50,000 Monkeys at 50,000 Typewriters Can't Be Wrong

Spare us the cutter

Posted on 14 August, 2002 By Wil

The call came while I was out, so I didn’t get the message until days later.
“Hi,” the young-sounding secretary said on my machine, “I have Rick Berman calling for Wil. Please return when you get the message.”
I knew.
I knew before she was even done with the message, but I tried to fool myself for a few minutes anyway.
I looked at the clock: 8 PM. They’d most likely be out, so I’d have to call tomorrow.
I told Anne that I had a message to call Rick’s office, and she knew right away also.
We’d thought about it for months, ever since I’d heard the rumors online. Of course, I tend to not put a whole lot of stock in what I read online…if I did I’d be overwhelmed with the sheer amount of hot teen bitches who want to get naked for me right now, and I’d be rolling in Nigerian money.
But it made sense, and I couldn’t fight what I knew in my heart to be true.
I returned the call late the next day from my car on my way home from work. I was driving along a narrow tree-lined street in Pasadena that I sometimes take when the traffic is heavy on the freeway.
Children played on bikes and jumped rope in the growing shadows of the July afternoon. The street was stained a beautiful orange by the setting sun.
“This is Wil Wheaton returning,” I told her.
She tells me to hold on, and then he’s on the phone.
“Hi kiddo. How are you?”
“I’m doing fine. You know I turn 30 on Monday?”
There is a pause.
“I can’t believe we’re all getting so old,” he says.
“I know.
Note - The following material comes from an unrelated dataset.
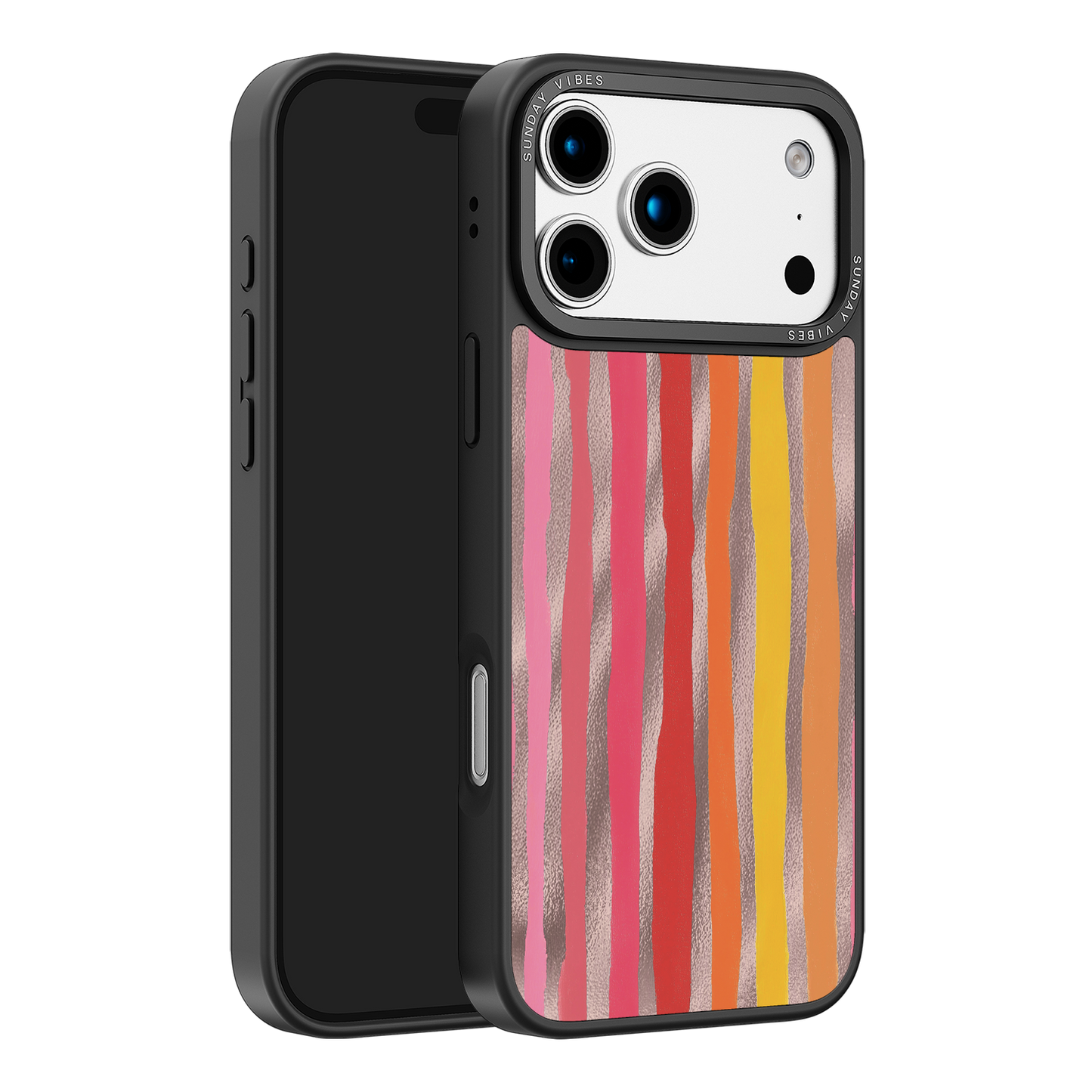 Sunset Strokes iPhone Case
I emailed Tommy [his son] awhile ago, and he’s in college now. If that made me feel old, I can’t imagine what my turning 30 is doing to the rest of you guys.”
We chuckle. This is probably just small-talk, so it’s not as severe when he tells me, but it feels good regardless. Familiar, familial.
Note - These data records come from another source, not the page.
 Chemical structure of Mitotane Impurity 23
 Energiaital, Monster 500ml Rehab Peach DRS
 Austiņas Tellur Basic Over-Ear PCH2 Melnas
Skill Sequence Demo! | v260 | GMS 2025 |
“Listen, Wil. I have bad news.”
Although I’ve suspected it for months, and I have really known it since I heard the message the night before, my stomach tightens, my arms grow cold.
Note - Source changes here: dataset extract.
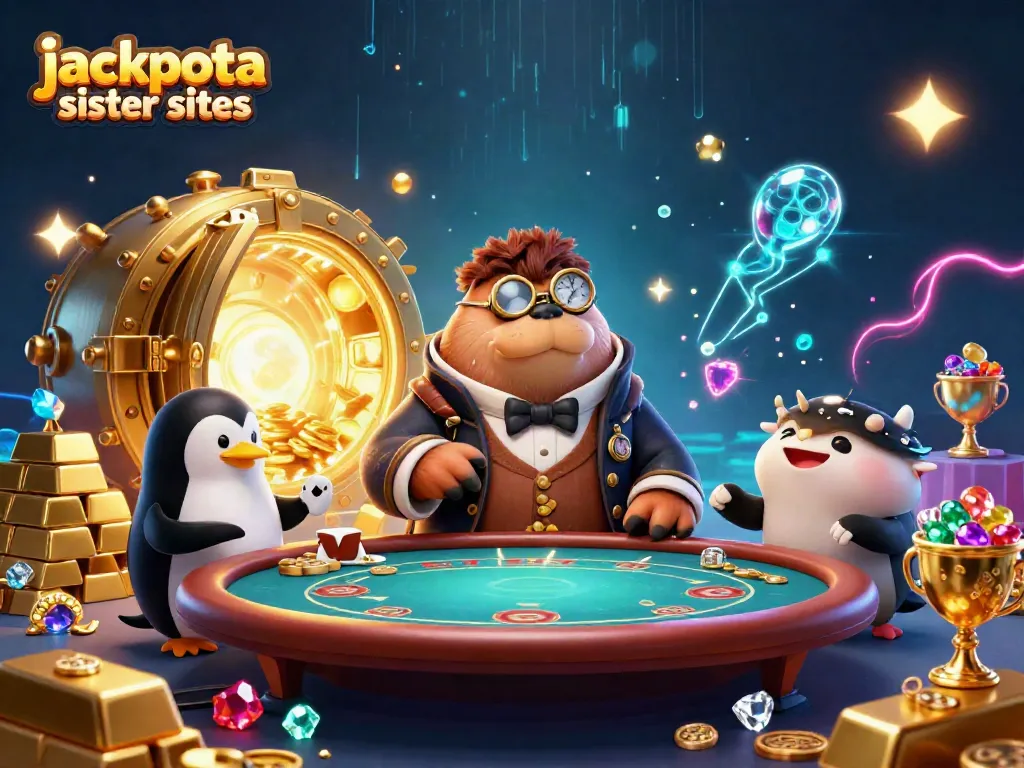 Join the fun with jackpota sister sites as players enjoy a vibrant underwater poker scene.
“We’ve had to cut your scene from the movie.”
He pauses for breath, and that moment is frozen, while I assess my feelings.
I almost laugh out loud at what I discover: I feel puzzled.
I feel puzzled, because the emotions I expected: the sadness, the anger, the indignation…aren’t there.
I realize that he’s waiting for me.
“Why’d you have to cut it?”
This doesn’t make sense. I should be furious. I should be depressed. I shuould be hurt.
But I don’t feel badly, at all.
“Well, it doesn’t have anything to do with you,” he begins.
I laugh silently. It never does. When I don’t get a part, or a callback, or get cut from a movie, it never has anything to do with me. Like a sophmore romance. “It’s not you. It’s me. I’ve met Jimmy Kimmel’s cousin, and things just happened.”
There is an unexpected sincerity to what he tells me: the movie is long. The first cut was almost 3 hours. The scene didn’t contribute to the main story in any way, so it was the first one to go.
He tells me that they’ve cut 48 minutes from the movie.
I tell him that they’ve cut an entire episode out. We laugh.
There is another silence. He’s waiting for me to respond.
I drive past some kids playing in an inflatable pool in their front yard. On the other side of the street, neighbors talk across a chain link fence. An older man sits on his porch reading a paper.
“Well Rick,” I begin, “I completely understand. I’ve thought about this on and off for months, and I knew that if the movie was long, this scene, and maybe even this entire sequence, would have to go. It’s just not germaine to the spine of the story.”
He tells me that they had to consider cutting the entire beginning of the movie. He tells me that he has to call one of the other actors because they’ve suffered rather large cuts as well.
I stop at a 4-way stop sign and let a woman and her little daughter cross the street on their way into a park filled with families, playing baseball and soccer in the waning light.
I look them. The mother’s hand carefully holding her daughter’s.
I realize why I’m not upset, and I tell him.
“Well, Rick, it’s like this: I love Star Trek, and, ultimately, I want what’s best for Star Trek and the Trekkies. If the movie is too long, you’ve got to cut it, and this scene is the first place I’d start if I were you.
“The great thing is, I got to spend two wonderful days being on Star Trek again, working with the people I love, wearing the uniform that I missed, and I got to re-connect with you, the cast, and the fans. Nobody can take that away from me.”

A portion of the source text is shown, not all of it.